There are some provinces that are very interested in that data, particularly the province of Quebec. Some provinces may want to establish their own strategy or gun registry. Why would the government destroy it?
Hon. Marjory LeBreton (Leader of the Government): Honourable senators, it has been well known for quite some time that our government — even before we formed government — as part of our commitment to law-abiding Canadian hunters, farmers and legitimate firearms owners, would abolish the long-gun registry. This is not to be confused with the very strict gun laws already in place in this country. Our commitment was to destroy the long-gun registry and I would suggest that is exactly what we are doing.
The long-gun registry contains names in it and we are simply following up with a commitment. That is exactly what we will do: destroy the registry which, by the way, does not have complete and accurate information.
Senator Munson: Honourable senators, I would be curious to know how the registry will be destroyed: maybe a bonfire on Parliament Hill or something along that line.
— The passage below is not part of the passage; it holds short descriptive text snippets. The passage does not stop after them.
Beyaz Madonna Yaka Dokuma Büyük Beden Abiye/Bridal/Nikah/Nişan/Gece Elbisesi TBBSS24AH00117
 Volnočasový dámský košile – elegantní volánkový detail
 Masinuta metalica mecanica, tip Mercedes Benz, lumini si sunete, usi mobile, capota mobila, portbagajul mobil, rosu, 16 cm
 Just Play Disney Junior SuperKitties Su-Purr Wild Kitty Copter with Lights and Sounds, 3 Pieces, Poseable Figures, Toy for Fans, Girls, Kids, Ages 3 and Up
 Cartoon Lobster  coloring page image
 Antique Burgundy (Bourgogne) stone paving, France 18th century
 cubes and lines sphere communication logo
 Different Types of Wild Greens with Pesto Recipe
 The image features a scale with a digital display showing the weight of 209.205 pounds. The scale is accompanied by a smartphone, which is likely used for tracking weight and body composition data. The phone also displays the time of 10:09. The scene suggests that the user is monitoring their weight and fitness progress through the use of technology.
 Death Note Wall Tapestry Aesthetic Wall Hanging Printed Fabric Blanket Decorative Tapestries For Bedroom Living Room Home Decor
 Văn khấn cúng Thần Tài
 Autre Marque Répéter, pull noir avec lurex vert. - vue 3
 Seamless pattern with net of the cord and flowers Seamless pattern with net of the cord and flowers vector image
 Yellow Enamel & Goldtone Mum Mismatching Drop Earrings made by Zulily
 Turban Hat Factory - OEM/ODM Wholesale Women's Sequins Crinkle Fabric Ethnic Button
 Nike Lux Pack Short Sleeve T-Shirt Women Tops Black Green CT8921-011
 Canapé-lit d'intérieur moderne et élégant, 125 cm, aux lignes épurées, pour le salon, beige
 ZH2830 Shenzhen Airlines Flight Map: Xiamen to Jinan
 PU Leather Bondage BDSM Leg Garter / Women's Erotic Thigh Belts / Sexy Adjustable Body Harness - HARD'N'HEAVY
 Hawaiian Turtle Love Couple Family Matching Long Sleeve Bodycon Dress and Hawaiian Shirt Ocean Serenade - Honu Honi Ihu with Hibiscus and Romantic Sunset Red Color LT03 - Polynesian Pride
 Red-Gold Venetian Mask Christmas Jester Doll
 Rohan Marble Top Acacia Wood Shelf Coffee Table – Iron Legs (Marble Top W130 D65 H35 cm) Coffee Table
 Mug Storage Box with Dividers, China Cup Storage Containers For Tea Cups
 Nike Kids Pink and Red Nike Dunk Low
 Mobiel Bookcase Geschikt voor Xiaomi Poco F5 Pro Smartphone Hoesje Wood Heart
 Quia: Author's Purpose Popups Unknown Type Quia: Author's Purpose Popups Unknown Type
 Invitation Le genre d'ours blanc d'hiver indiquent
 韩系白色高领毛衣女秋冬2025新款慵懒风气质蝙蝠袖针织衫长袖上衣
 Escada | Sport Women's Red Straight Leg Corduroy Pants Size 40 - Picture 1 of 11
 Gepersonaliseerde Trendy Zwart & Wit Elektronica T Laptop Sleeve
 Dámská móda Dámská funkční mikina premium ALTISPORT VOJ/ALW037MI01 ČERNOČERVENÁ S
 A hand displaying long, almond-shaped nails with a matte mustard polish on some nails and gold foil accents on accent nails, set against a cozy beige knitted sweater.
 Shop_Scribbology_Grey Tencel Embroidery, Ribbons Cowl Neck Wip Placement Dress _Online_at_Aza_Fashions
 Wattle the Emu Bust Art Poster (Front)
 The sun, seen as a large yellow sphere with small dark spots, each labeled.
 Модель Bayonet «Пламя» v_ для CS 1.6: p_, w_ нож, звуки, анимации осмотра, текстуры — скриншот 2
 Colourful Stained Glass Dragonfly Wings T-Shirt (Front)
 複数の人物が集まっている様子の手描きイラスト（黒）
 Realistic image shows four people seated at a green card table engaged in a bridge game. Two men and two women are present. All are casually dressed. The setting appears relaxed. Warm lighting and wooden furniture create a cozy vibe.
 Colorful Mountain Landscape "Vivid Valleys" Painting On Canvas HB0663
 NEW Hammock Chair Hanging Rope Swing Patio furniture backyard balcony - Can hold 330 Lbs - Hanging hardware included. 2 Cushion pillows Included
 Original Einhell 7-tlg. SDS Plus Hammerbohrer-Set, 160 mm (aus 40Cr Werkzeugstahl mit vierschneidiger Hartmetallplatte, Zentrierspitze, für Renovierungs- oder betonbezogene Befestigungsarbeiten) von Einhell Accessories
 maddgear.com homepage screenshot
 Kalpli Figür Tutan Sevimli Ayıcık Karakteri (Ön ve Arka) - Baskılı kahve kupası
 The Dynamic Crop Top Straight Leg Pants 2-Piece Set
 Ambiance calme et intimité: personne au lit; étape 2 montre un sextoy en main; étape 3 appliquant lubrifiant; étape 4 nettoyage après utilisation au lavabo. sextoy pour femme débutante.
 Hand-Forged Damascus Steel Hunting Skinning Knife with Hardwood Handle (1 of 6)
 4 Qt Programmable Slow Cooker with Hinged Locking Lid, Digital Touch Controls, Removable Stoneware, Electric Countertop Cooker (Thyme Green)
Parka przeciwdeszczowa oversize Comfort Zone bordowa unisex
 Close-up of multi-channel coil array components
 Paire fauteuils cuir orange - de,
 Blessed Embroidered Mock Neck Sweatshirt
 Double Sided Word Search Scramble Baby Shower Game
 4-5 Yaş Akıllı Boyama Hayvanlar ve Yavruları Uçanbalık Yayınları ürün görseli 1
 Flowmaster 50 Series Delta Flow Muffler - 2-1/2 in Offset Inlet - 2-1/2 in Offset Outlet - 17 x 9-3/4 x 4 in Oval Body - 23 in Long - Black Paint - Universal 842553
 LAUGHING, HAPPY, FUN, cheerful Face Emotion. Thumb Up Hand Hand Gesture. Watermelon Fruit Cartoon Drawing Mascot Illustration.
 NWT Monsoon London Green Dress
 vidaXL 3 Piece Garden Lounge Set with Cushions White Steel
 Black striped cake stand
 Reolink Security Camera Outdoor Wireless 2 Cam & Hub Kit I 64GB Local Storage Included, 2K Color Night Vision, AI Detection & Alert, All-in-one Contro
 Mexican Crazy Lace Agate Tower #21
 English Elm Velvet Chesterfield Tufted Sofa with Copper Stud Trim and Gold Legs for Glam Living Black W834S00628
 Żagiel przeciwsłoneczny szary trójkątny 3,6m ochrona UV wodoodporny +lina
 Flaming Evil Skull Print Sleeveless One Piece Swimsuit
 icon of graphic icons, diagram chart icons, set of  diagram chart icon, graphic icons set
When the legislation was reintroduced last week, it came at a time when Canadians are recognizing the urgent need to develop a comprehensive national suicide strategy.
Here is what Denis Côté of the Federation of Municipal Police Officers of Quebec, had to say referring to rifles and shotguns:
They are the guns most often used to kill police officers, in domestic violence situations and in suicides, particularly those involving youth.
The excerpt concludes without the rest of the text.